In January, police in Fort Pierce, Fla., arrested Diana D. Hill and Bonnie Marie Roberts and charged them with shoplifting 18 cans of Spam Lite from a Winn-Dixie store. Also in January, hotels in Scotland announced that part of their big "Romantic Scotland" marketing campaign would be "Hot 'n' Horny Devil Haggis" with chili and Cajun spices, as potentially an aphrodisiac. (As has been mentioned several times in News of the Weird, haggis is one of the least appetizing foods on the planet, typically being a pudding of sheep organs, suet and oatmeal, boiled in a cow's stomach.)
When News of the Weird last visited Georgia state Rep. Dorothy Pelote of Savannah, she had addressed her chamber during the opening prayer ceremony on the day after Labor Day 2001, informing colleagues that through psychic powers, she had caught a glimpse of Chandra Levy's dead body in a ditch. In January 2002, Pelote got down to serious business and said she would introduce legislation to protect pizza delivery people by making it illegal to answer the door while naked. (Pelote has said she will retire at the end of this year.)
Our Civilization in Decline
A 45-year-old woman was arrested and charged with demonstrating to her daughter, 15, and a friend, 14, the best technique for injecting heroin (Warren, Mich., December). And a Washington Post investigation found that Prince George's County, Md., police dogs have bitten people at an unseemly high rate in recent years, including at least 43 police officers (December).
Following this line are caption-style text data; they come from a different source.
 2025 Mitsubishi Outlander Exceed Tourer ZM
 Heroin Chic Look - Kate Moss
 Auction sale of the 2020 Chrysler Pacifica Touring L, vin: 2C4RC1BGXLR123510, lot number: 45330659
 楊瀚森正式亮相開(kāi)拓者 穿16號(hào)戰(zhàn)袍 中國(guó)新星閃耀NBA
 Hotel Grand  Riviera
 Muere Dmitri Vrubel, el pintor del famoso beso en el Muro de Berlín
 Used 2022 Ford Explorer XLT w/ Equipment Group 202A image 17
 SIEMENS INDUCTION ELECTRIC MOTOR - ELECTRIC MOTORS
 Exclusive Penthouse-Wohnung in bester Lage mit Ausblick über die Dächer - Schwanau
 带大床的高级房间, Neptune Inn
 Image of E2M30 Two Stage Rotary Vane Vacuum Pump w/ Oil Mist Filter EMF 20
And a Cambridge University (England) study showed that mice given methamphetamines and subjected to loud dance music keeled over and died (November).
And, in the Last Month ...
A 40-year-old man who was caught on audiotape strangling his allegedly cheating wife while shouting at her, "You are the weakest link, goodbye!" was sentenced to life in prison (Tonbridge, England). Acting earnestly on U.S. research, a British marine center announced it would try to avert a celibacy crisis among 10 of its sharks by playing Barry White music through underwater loudspeakers (Birmingham, England). A 38-year-old woman beat up a 51-year-old woman because, moments earlier in a grocery store checkout, the older woman had brought 13 items to a 12-or-fewer express line (Lowell, Mass.). Doctors at Norway's national prison revealed that, sympathizing with sex offenders who are furloughed to visit wives or girlfriends, they have routinely been dispensing Viagra (Oslo).